Progression through the cell cycle requires coordinated regulation of transcription, chromatin state, and cellular metabolism. While metabolic Enzymes are known to localize the nucleus and influence chromatin states, how nuclear metabolism itself oscillates during the cell cycle remains unexplored. Here, we combine a customized FUCCI-3 reporter with chromatome mass spectrometry and high-throughput imaging to systematically resolve nuclear and chromatin-associated metabolic changes across cell cycle phases. We identify phosphatidylinositol metabolism as a nuclear pathway that oscillates with the cell cycle, with PIP5K1A, PLCD3, and PLD2 showing phase-specific nuclear and chromatin dynamics.

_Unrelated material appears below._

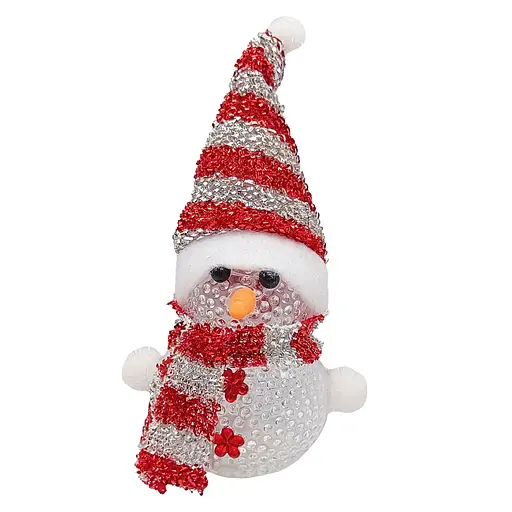 Нічник новорічний "Сніговичок" СХ-4-14 LED 15 см, сріблясто-червоний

Nuclear PIP2 levels redistribute within the nucleus depending on cell cycle stage. Downregulation of PIP5K1A reduces nuclear PIP2 levels, whereas nuclear enrichment of PIP5K1A increases PIP2 abundance in the nucleus and nucleolus, functionally linking PIP5K1A nuclear localization to nuclear PIP2 synthesis. Moreover, perturbation of nuclear PIP2 synthesis alters chromatin methylation, with a pronounced impact on H4K20 monomethylation. Together, our results reveal that nuclear phosphatidylinositol metabolism is cell cycle regulated and functionally linked to chromatin methylation, establishing nuclear lipid metabolism as a previously unrecognized layer of cell cycle control.

Keywords
cell cycle; chromatin; epigenetics; nuclear metabolism; proteomics.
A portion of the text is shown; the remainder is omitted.